(Records contained in a dataset)

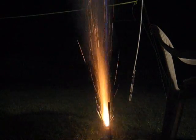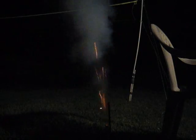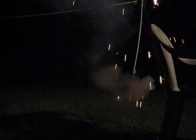Engines ready? Mission. Wow. Nice engine.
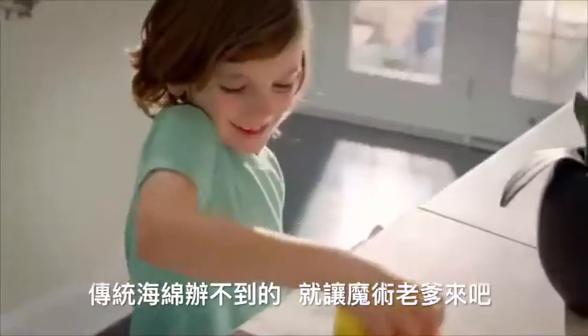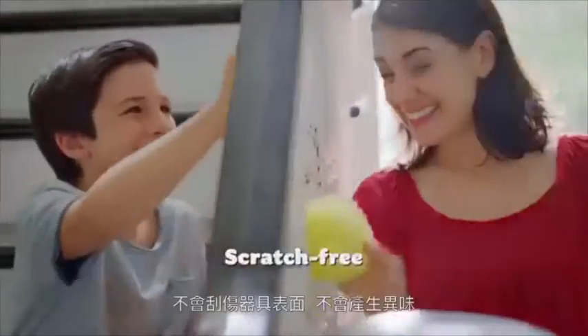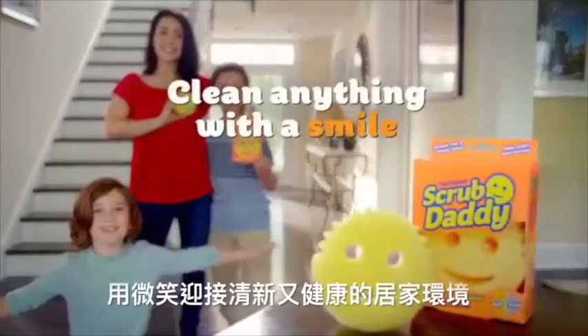Scrub Daddy! When a regular sponge won't do, get Scrub Daddy. Firm in cool water, soft and warm, scratch-free and odor-free — he's our cleaning machine. Scrub Daddy, clean anything with a smile!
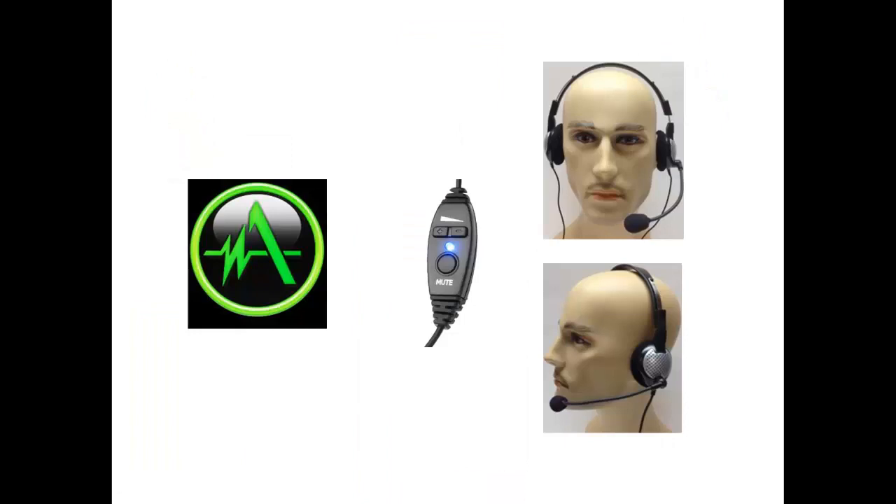The NC185 USB features inline volume and mute controls. Both the controls and the USB sound card are highlighted by a blue LED light. Here are a few pictures of what one would look like when wearing the NC185 USB.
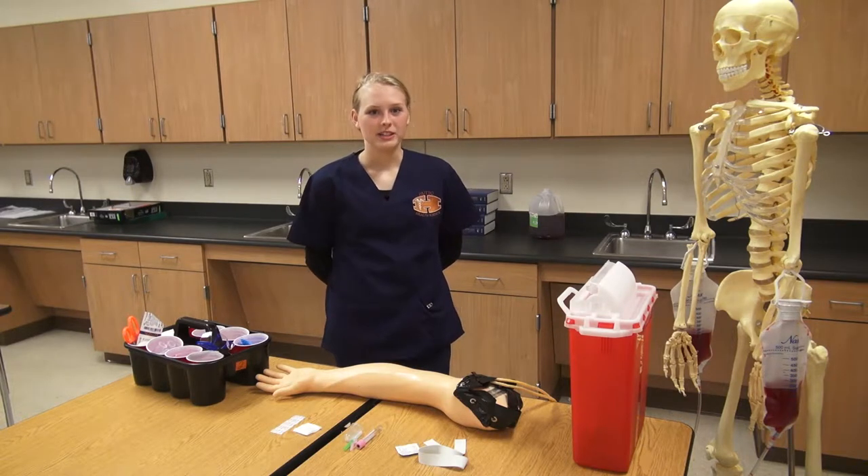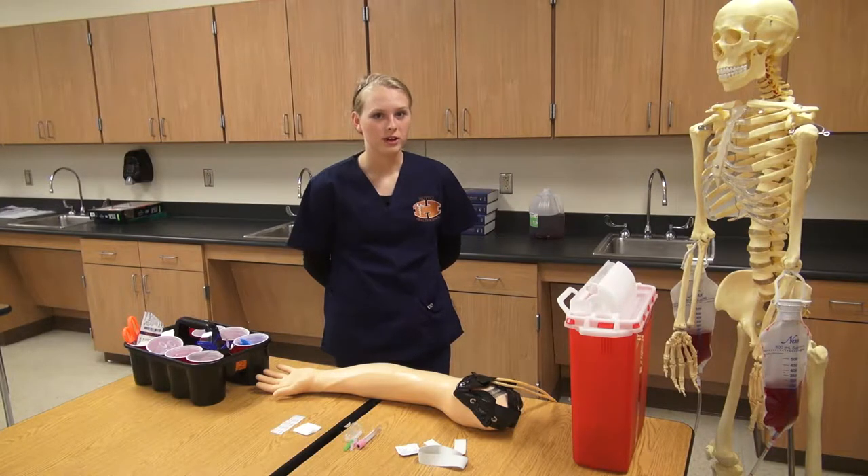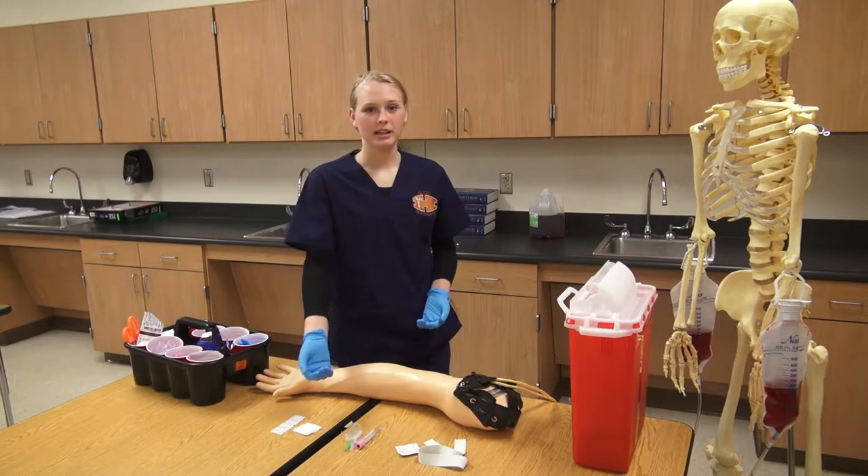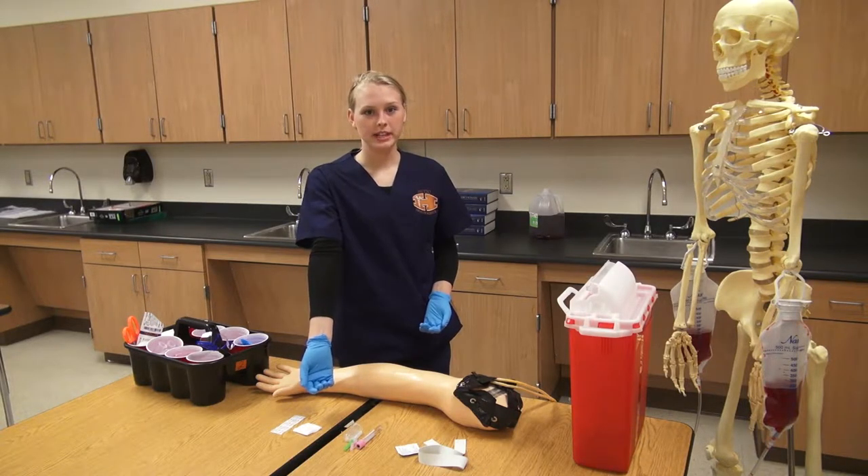After you have identified your patient, you'll want to ask if they have a preference of arms or if they have any medical reason that you cannot draw from one of their arms. Next, make sure that your patient's arm is in a supported position and that the inner elbow is exposed and straightened.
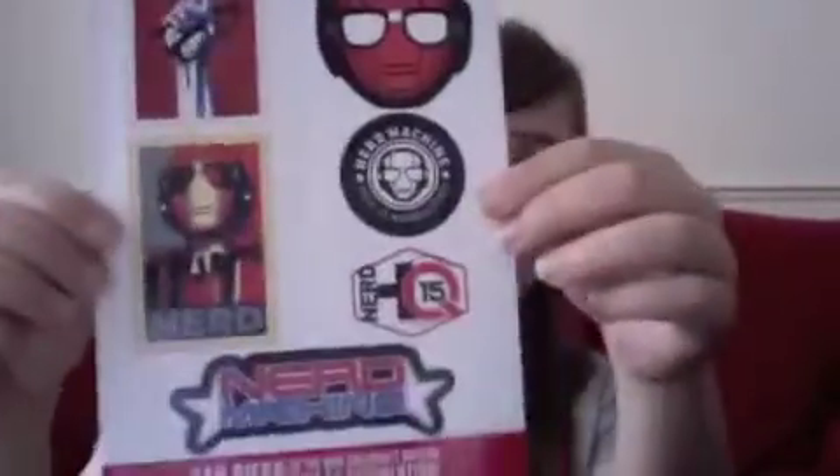I've also got these Nerd HQ stickers — they're going to be at San Diego. They're pretty cool.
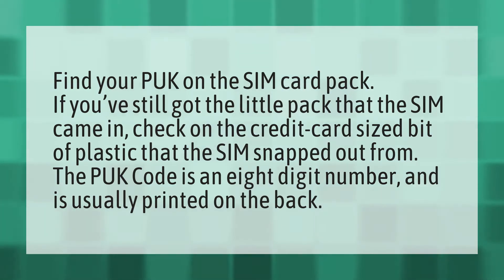Find your P.U.K. on the SIM card pack. If you've still got the little pack that the SIM came in, check on the credit card-sized bit of plastic that the SIM snapped out from. The P.U.K. code is an eight-digit number and is usually printed on the back.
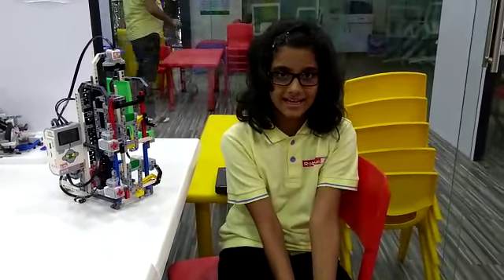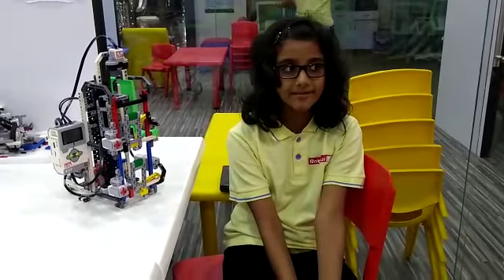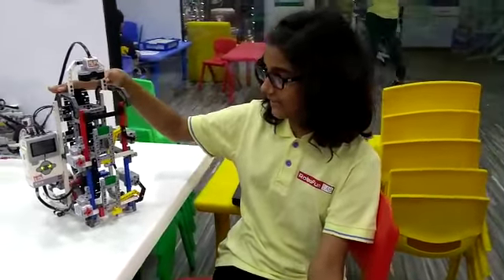Hello friends, my name is Anaya. Today at RoboFunLab M.Dabad, I have constructed an automated elevator.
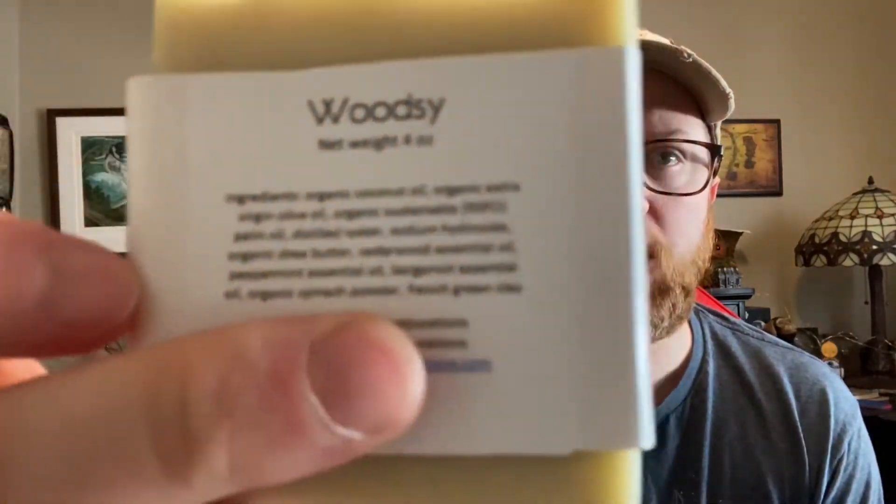These are just really nice. So this is Woodsy — they're four-ounce bars. We'll go over the price at the end. They have their Instagram and their Facebook — they're at Plant Curations on Instagram and at Plant Curations on Facebook. Their ingredients are really, really good. We're going to get into these a little bit.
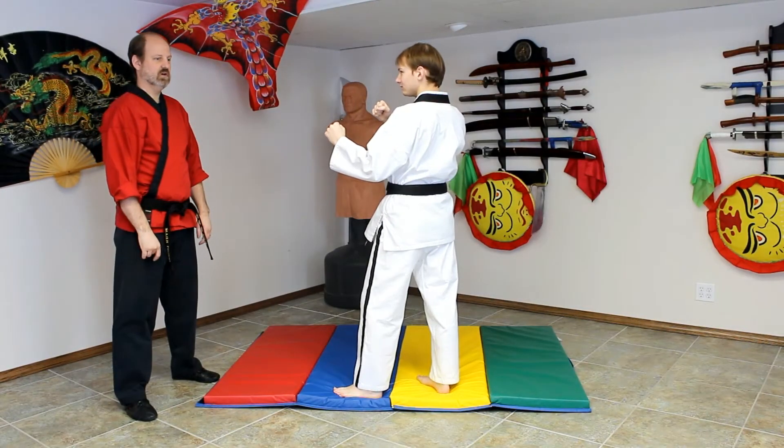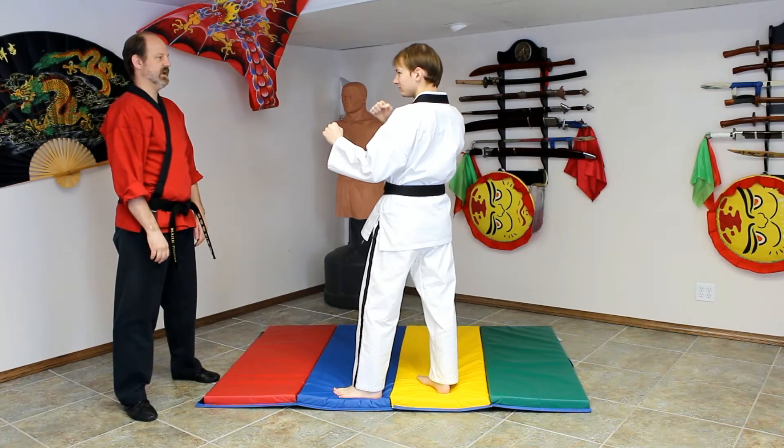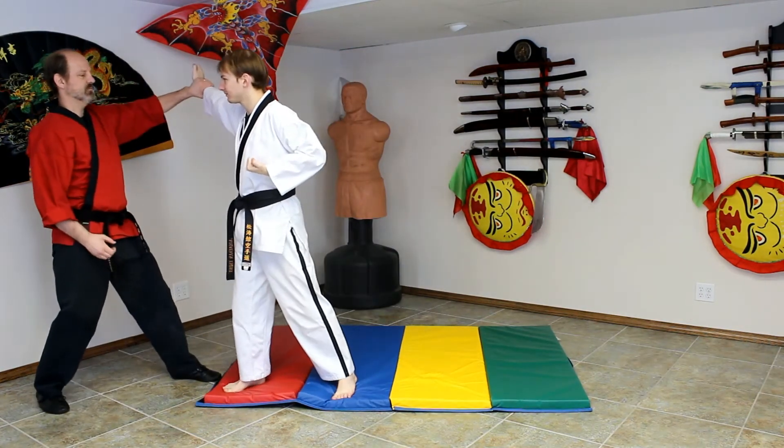Number 19 on the list is Ox Jaw. It comes from an attack that is a palm heel to the face. We're going to step back with a grasping block.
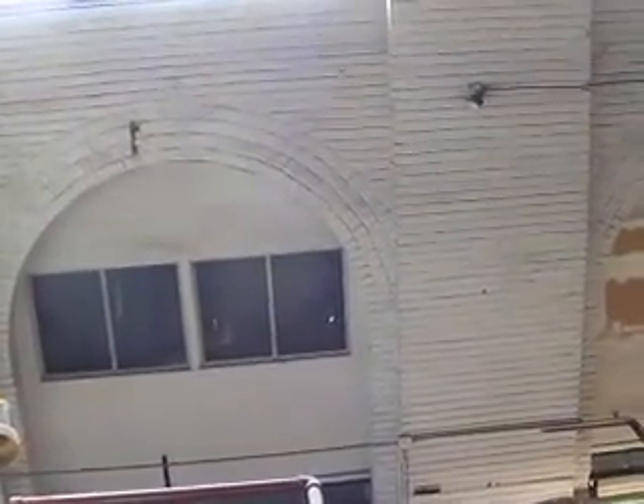Old building — this part of the building I think was original, put up early 1900s. Watch my step here.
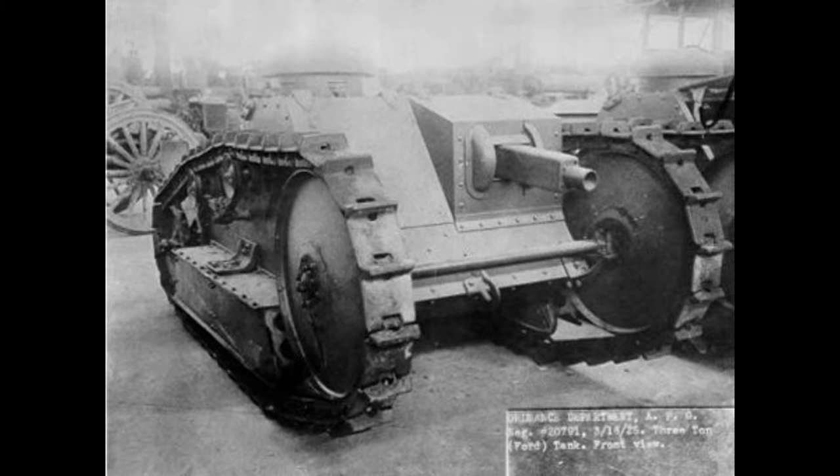Before this, however, the U.S. was working on another tank design called the Holt Gas Electric Tank. This is considered to be the first tank to be 100% designed and made by the United States. It, however, ended up being a complete and utter failure as it was way too heavy.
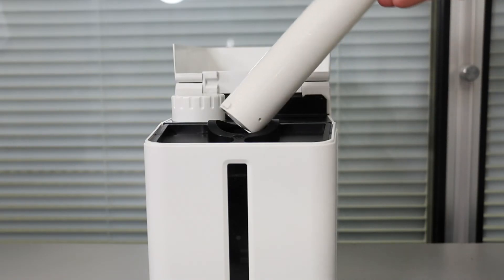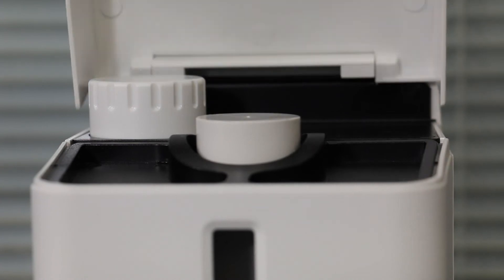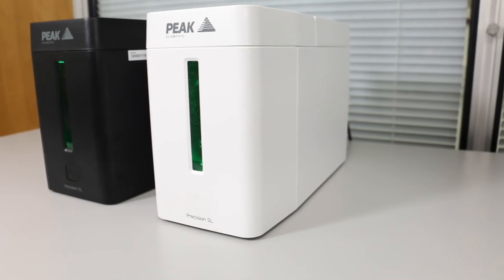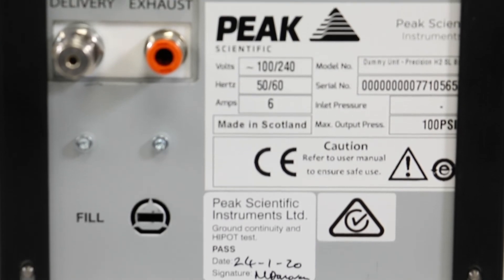Step 5: Remove the deionizer cartridge and replace with a fresh cartridge. Step 6: Fix the replacement deionizer cartridge in place by turning clockwise. Step 7: Close the top panel. The deionizer cartridge will need to be changed after 12 months.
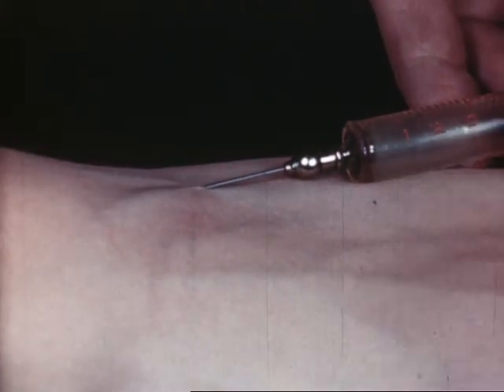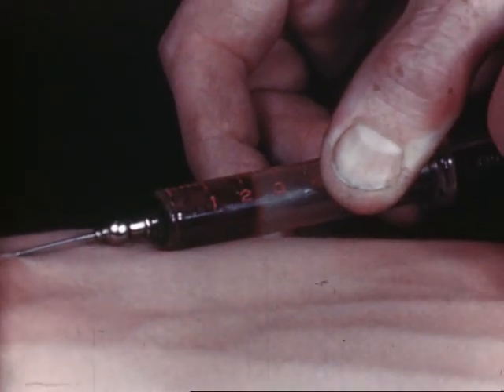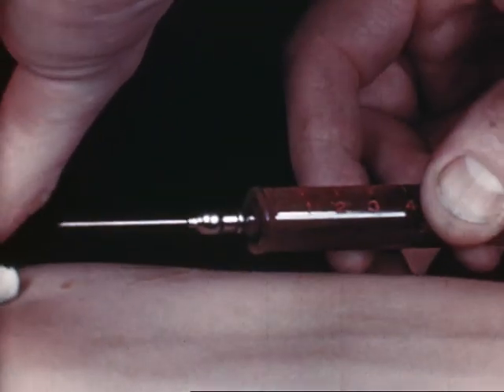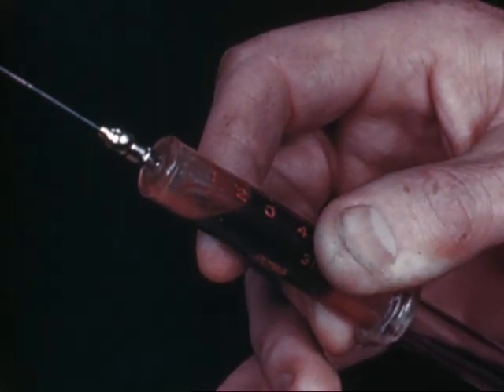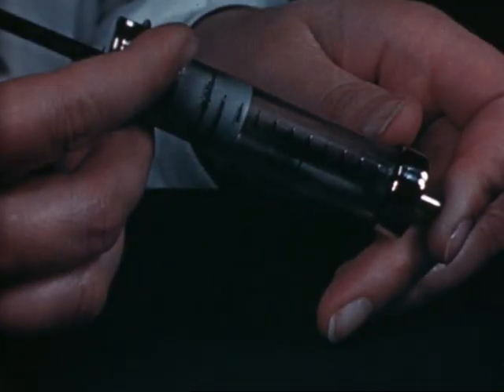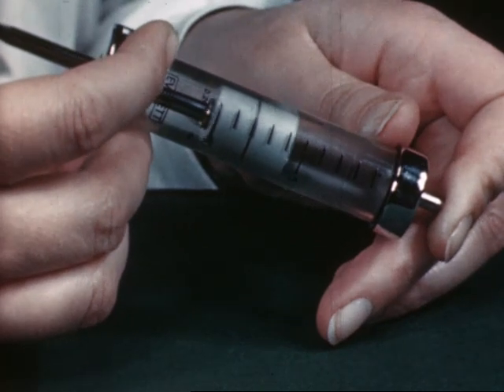This time the fault is a leaking syringe, which may only yield half the blood you want. This means having another go, and the patient won't like that. To avoid this, test your syringes periodically by pressure.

▶ [REQUIREMENT]: Using the data above, copy exactly the lines from the one containing "Find your P.U.K." to the one containing "Hello friends, my", inclusive. Exclude the pictures.

▶ [OUTPUT]:
Find your P.U.K. on the SIM card pack. If you've still got the little pack that the SIM came in, check on the credit card-sized bit of plastic that the SIM snapped out from. The P.U.K. code is an eight-digit number and is usually printed on the back.
Hello friends, my name is Anaya. Today at RoboFunLab M.Dabad, I have constructed an automated elevator.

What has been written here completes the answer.